PROBLEM TO WORK ON - What you need to produce from the material below is an exact transcription of the lines from the one with "The obvious choice" through the one with "There are multiple", both included, and no other line.
=== INFORMATION SHOWN ===
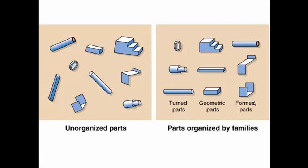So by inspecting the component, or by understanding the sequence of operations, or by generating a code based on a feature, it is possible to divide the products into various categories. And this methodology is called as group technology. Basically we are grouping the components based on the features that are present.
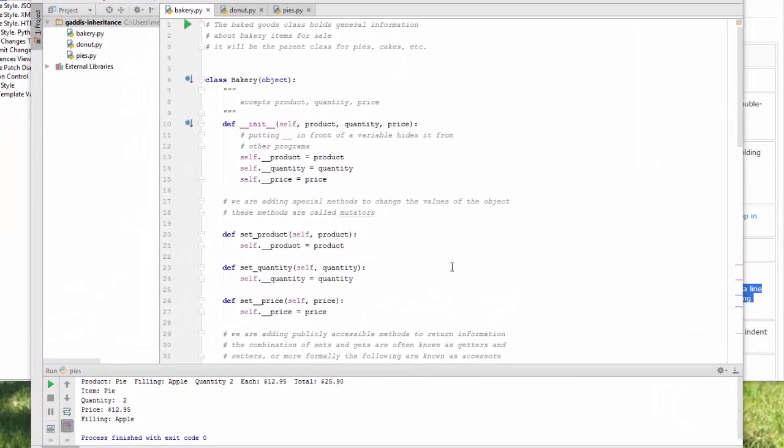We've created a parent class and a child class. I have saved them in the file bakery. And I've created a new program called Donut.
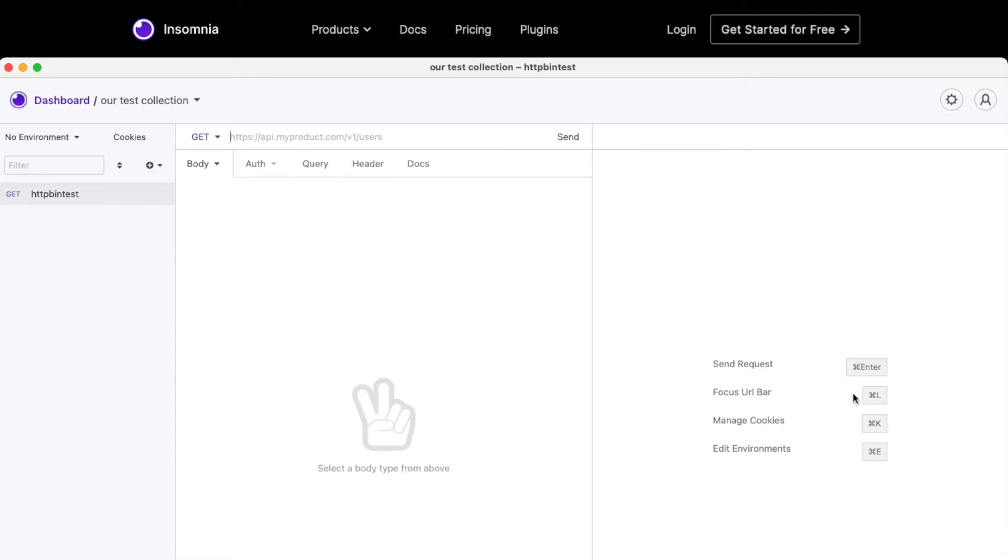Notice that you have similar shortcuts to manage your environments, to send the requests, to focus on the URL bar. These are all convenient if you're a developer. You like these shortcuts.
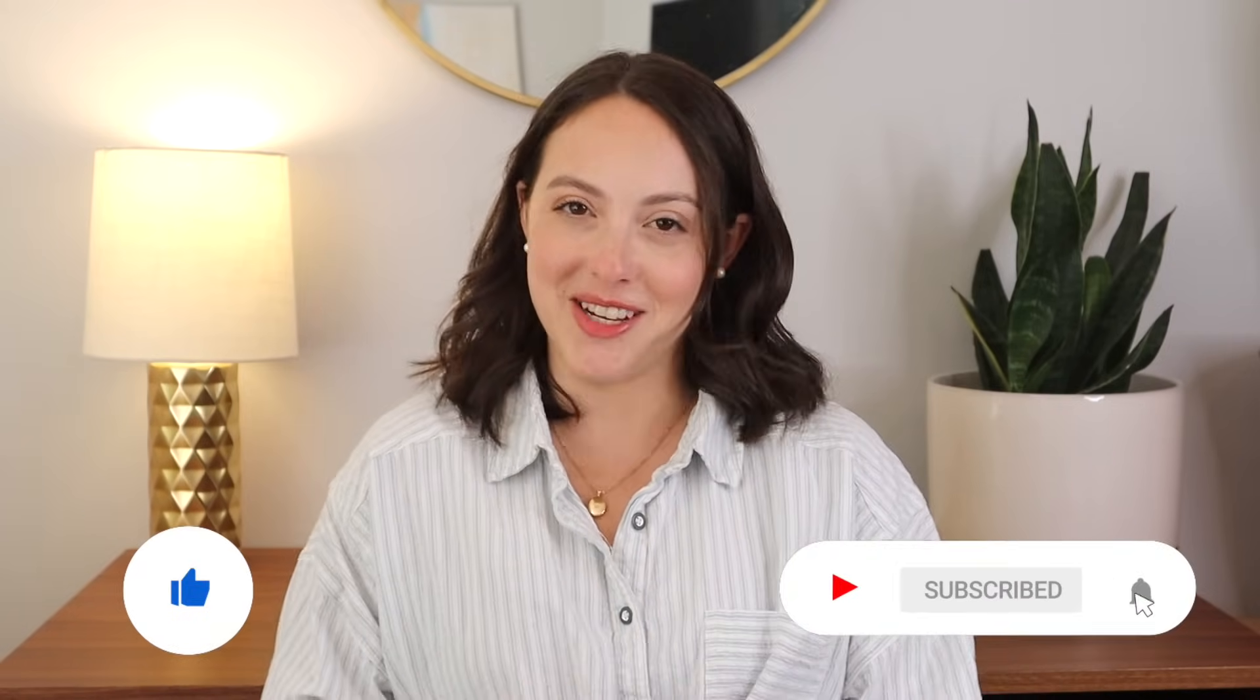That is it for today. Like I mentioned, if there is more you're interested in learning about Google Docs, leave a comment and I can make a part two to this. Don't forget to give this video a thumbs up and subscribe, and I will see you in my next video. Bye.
===
=== INFORMATION SHOWN ===
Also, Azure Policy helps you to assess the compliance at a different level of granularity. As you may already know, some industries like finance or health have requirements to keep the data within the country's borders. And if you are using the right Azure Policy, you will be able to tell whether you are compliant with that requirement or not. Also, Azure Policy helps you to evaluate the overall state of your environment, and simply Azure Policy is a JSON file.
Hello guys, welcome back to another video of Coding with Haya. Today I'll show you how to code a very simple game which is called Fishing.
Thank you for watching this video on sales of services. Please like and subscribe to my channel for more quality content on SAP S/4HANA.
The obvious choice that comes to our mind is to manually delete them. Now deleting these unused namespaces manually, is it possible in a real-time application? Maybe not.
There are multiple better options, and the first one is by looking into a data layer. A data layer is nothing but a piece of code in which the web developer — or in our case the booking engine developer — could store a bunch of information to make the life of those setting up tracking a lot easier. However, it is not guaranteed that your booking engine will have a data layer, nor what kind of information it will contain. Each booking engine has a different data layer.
===
=== INFORMATION SHOWN ===
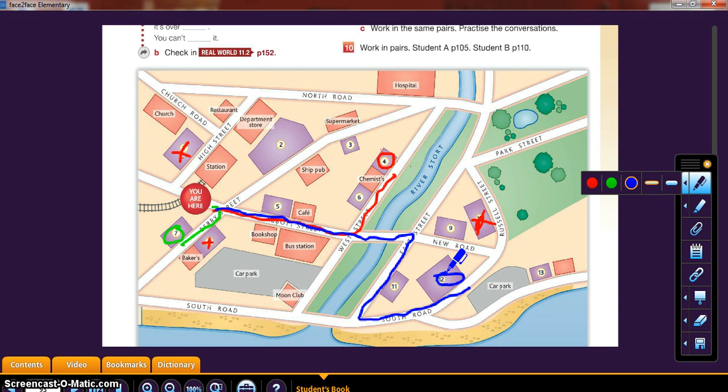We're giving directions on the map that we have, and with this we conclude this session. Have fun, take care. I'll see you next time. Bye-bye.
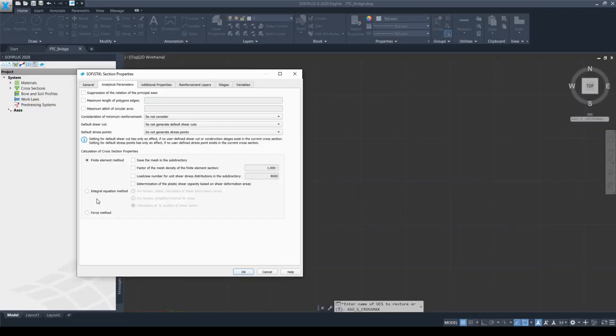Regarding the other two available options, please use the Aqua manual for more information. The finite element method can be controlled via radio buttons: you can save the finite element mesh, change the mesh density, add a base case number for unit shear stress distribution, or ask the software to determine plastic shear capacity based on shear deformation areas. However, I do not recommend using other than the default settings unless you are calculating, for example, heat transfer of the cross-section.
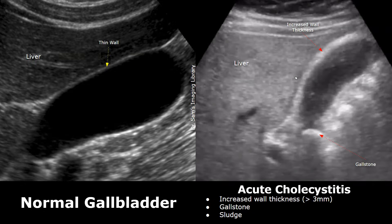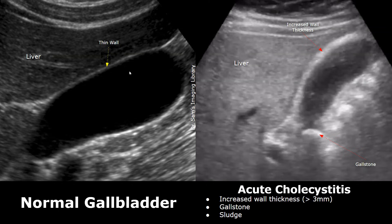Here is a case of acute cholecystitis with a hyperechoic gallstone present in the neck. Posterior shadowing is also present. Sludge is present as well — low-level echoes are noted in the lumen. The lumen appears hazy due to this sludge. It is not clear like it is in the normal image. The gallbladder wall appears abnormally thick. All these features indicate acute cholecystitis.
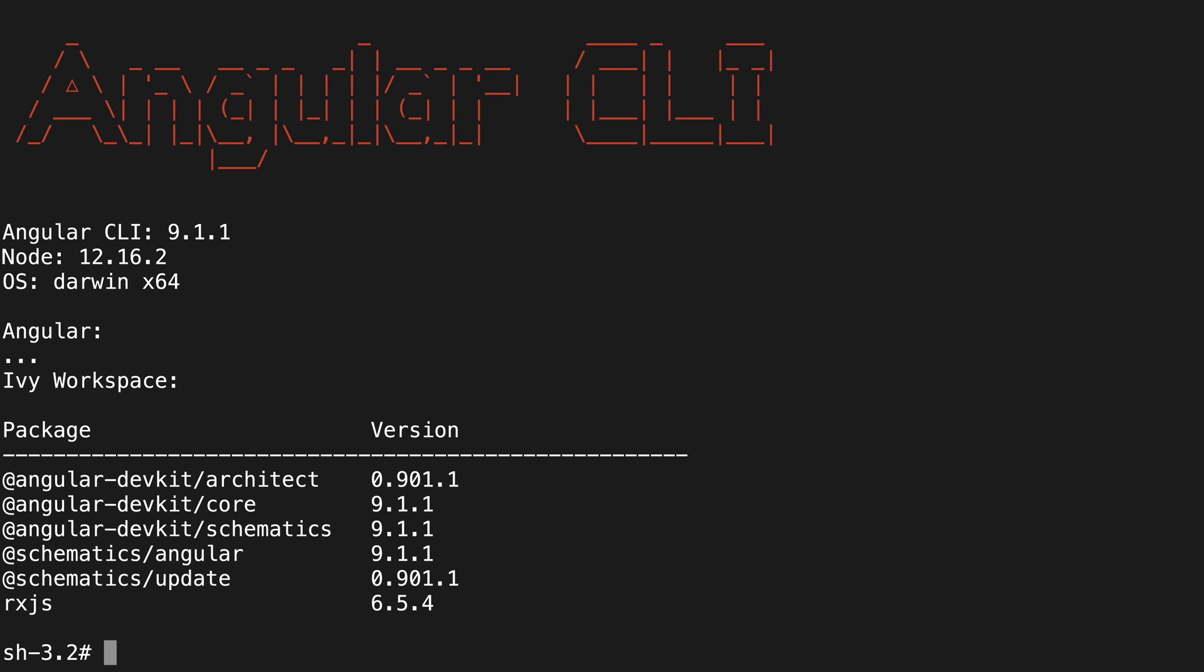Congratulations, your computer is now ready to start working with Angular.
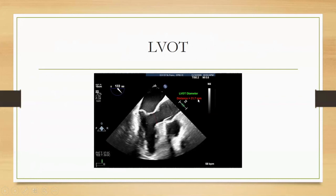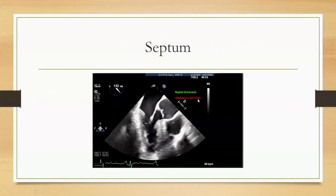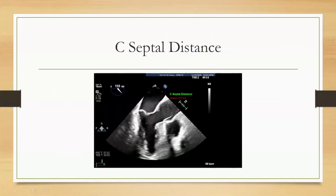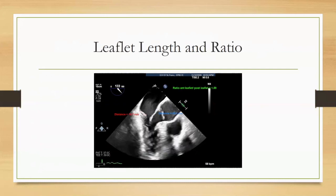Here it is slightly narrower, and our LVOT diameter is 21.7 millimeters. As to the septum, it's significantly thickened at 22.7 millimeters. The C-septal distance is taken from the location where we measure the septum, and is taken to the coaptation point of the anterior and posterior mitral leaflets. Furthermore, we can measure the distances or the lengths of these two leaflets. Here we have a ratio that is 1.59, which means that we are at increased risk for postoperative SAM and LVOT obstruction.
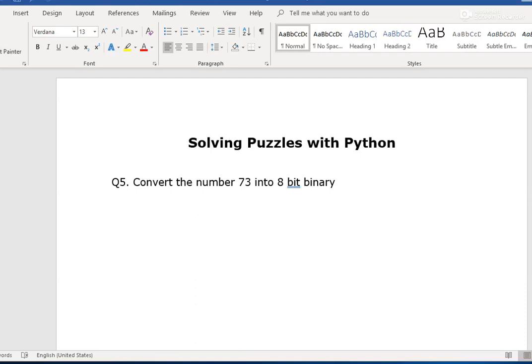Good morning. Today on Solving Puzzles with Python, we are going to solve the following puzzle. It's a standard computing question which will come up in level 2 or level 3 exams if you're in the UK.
===
WRITTEN RESPONSE -
The obvious choice that comes to our mind is to manually delete them. Now deleting these unused namespaces manually, is it possible in a real-time application? Maybe not.
There are multiple better options, and the first one is by looking into a data layer. A data layer is nothing but a piece of code in which the web developer — or in our case the booking engine developer — could store a bunch of information to make the life of those setting up tracking a lot easier. However, it is not guaranteed that your booking engine will have a data layer, nor what kind of information it will contain. Each booking engine has a different data layer.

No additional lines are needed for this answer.